実父の趣味の一つに 「海釣り」 がありました。
港から遠く沖に出て 船の上から糸を垂らし 時には 数百メートルも深くまで餌を付けて沈めるほど 本格的なものでした。

出発は毎回朝早く 夜中の2時や3時…。小学生だった私は ゴソゴソと支度をする音で目が覚めて「いいなぁ大人は。こんな夜中から 遊びに行くのか。コッチは明日も学校だよ」と不満を抱きつつ 再び夢の中へ。

次の日 私が学校から帰ってくる頃には 父親がお魚達と共に帰って来るのが 恒例になっていました。


しかし ある時 いつもより早く帰宅していたらしい父親が母親と 台所で何やら作業をしていました。

魚を捌くのは 結構汚れることがあるため いつもは 外流しを使っているのに この日は珍しく台所で作業をしています。なぜだろう…。不思議に思い手元を見ると 魚ではない 何者かの 体の一部分を 大量にハサミで パチンパチン ジョリジョリ と切り落としていました。

… 魚じゃない?

…嫌な予感しか しません。


父親「おぉ〜お帰り。ちょっと手伝ってくれよ。」


「ちょっと」で無いことは 私には一目瞭然でした。
だって 家にある 一番大きな両手鍋の中に こんもり とみたこともない 「海老とカマキリを 足して2で割ったみたいな生きもの」が茹で上がっていたからです。

 (勘弁してくれ…)

嫌だと言えない 哀しい性分の私。

恐る恐る近づいて 母親の背後からそっと見ると やっぱり 「海老とカマキリを 足して2で割ったみたいな生きもの」がザルの上に 山の様に茹で上がっているのです。
その横には 大皿の上に 平らになって身だけにされた
「元・海老とカマキリを 足して2で割ったみたいな生きもの」達がズラ〜っと並んでいます。

どんだけいるの…コレ。
って言うか 何コレ…。
魚釣りに行ったんだよねぇ …。


いろいろな疑問と納得できてない私の心のウチを 知ってか知らずか 父は(言い訳) 説明をするのでした。
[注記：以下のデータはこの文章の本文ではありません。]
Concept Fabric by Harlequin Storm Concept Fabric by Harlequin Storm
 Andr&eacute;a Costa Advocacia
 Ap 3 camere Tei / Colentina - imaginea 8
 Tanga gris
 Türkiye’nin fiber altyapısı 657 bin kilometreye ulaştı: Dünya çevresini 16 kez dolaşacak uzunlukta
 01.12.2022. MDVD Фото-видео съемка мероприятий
「今日は波が高くてさ 陸地はお天気が良かったんだけど 海の上は 釣りには向いてなかったんだよ。釣ろうと思ったお魚は み〜んな深い所で休んでて 釣れなかったの。だからね 船長さんが お魚の代わりにコレをどうぞって クーラーボックスいっぱいにくれたの。
お寿司屋さんで食べたら高級品なんだぞぉ〜。
蝦蛄シャコって言うんだよ。」


いや それは置いておいて どうすんの この 量。
売る気か?

横目で手伝っている母親をチラリ伺えば ウンザリしている様にも 見えなくも なくも ない…。
そりゃ そうだ。 
だって 直径40くらいの両手鍋で何回も何回も茹でる程の 蝦蛄だもん。

やったな オヤジ。


ココは 黙って手伝うか…。
しかし 蝦蛄と言う名前が分かったと言ったって なぜ
こんなに クーラーボックスいっぱいの量を貰ってきたか…。
訳を説明されたとしても 気味の悪い姿形は
変わらんのだよ!私はか弱き 女子である!
高級品だとて 形はグロテスクなんだよ!
そして 茹でると 紫とは どう言うことか⁈


3人で奮闘すること数時間__

無事に全ての蝦蛄は茹でられ 紫色に変色した所で
夕飯の時間になるのでした。
そうです。今晩のおかずは 蝦蛄。
白いご飯に 蝦蛄。
ワサビを溶いたお醤油に 蝦蛄。
美味しいですね。 
(最初は)


あの グロテスクな お姿は ちょっとだけ記憶の彼方へ 飛んでいってもらいましょう。

でもそれも束の間。

5〜6匹も食べれば充分です。

私はもうこの日 一生分の蝦蛄の茹でた物を 頂きました。

ハサミで捌きました。

ご馳走様でした。

もう 充分頂きましたので どんなに新鮮ですとか 形が良いですとか言われても もうご馳走様です と言わせて頂く所存です。

大変 美味しゅうございました。
ご馳走様でした 蝦蛄さん。

今後は 水族館でお会いしましょう。